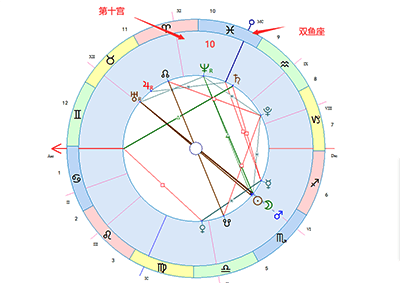 双鱼座落在第十宫-十大行星落10宫解读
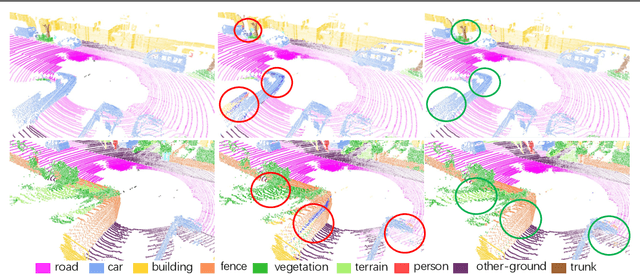Figure 1 for ASAP-Net: Attention and Structure Aware Point Cloud Sequence Segmentation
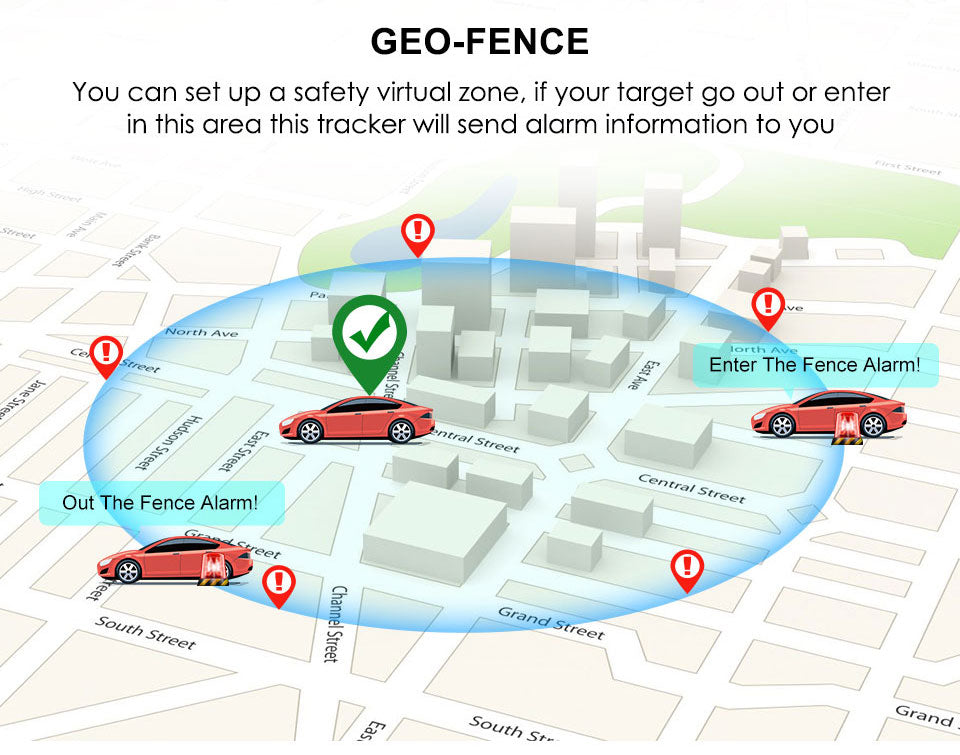 Vehicle GPS Location Tracker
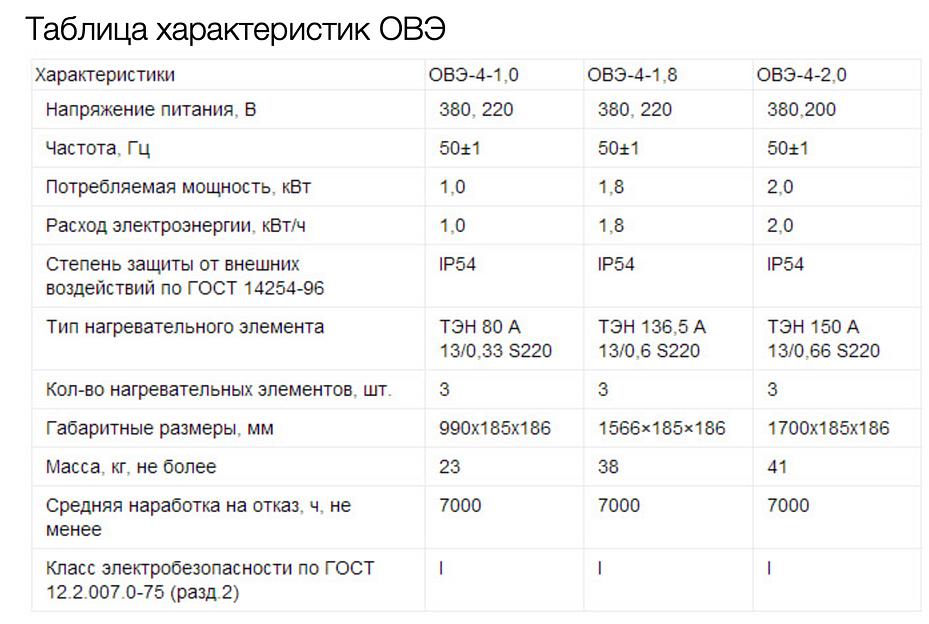 Обогреватель взрывозащищенный ОВЭ-4-1,8 без терморегулятора ОПТ фото 2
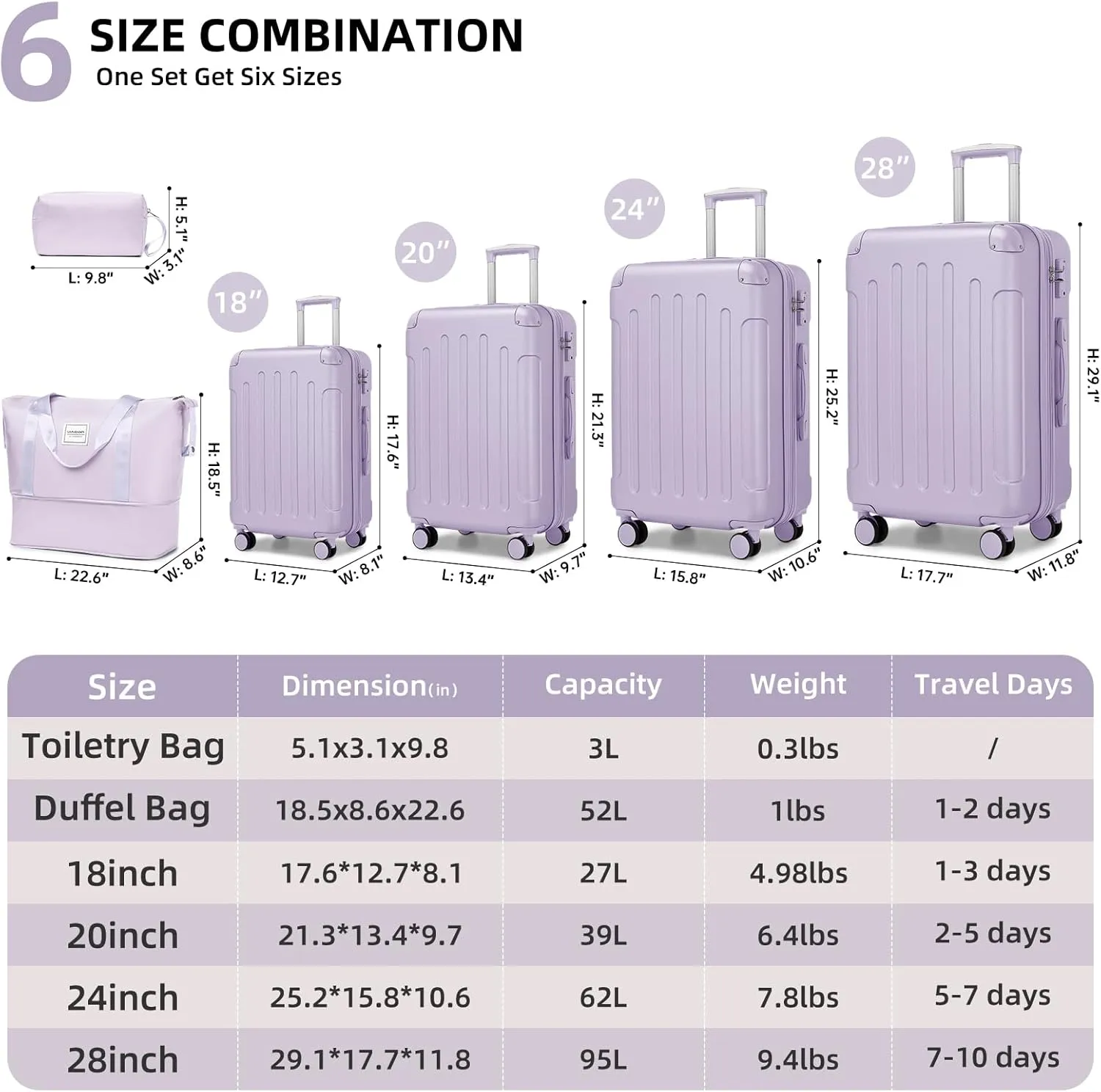 LARVENDER Luggage Sets 6 Piece Hardshell Expandable Suitcases with Spinner Wheels TSA Lock, Lightweight ABS Travel Carry On Suitcase Set for Women, Lilac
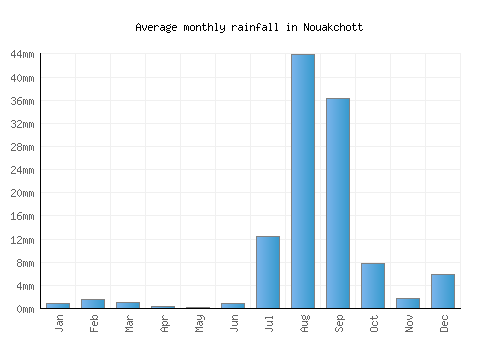 Nouakchott monthly rainfall chart (mm)
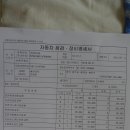 새한자동차서비스 이미지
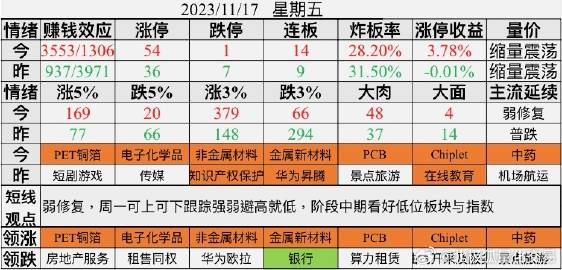 2023管家婆一肖095期 05-18-29-32-39-42D：17,探索未來(lái)之星，2023管家婆一肖第095期預(yù)測(cè)與解析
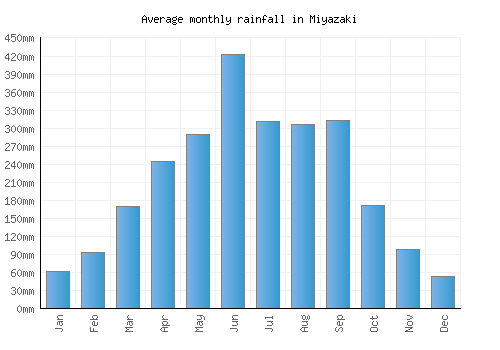 Miyazaki monthly rainfall chart (mm)
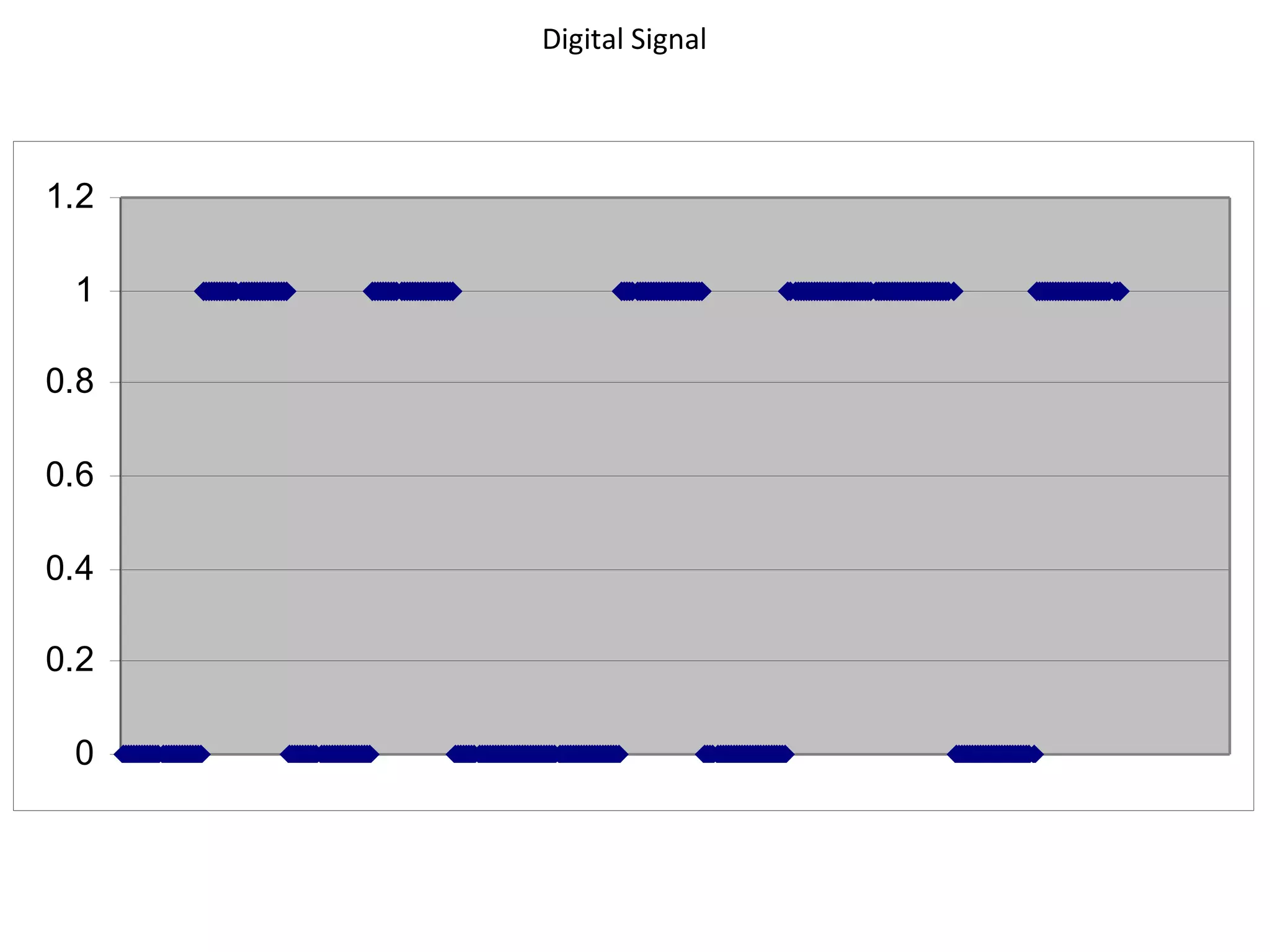 Digital Signal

=====

What the task asks → Lines from the one holding "새한자동차서비스 이미지" down to the last line of the entries above must be retyped exactly, inclusive of both, with no pictures and nothing else.

Result of the exercise →
 새한자동차서비스 이미지
 2023管家婆一肖095期 05-18-29-32-39-42D：17,探索未來(lái)之星，2023管家婆一肖第095期預(yù)測(cè)與解析
 Miyazaki monthly rainfall chart (mm)
 Digital Signal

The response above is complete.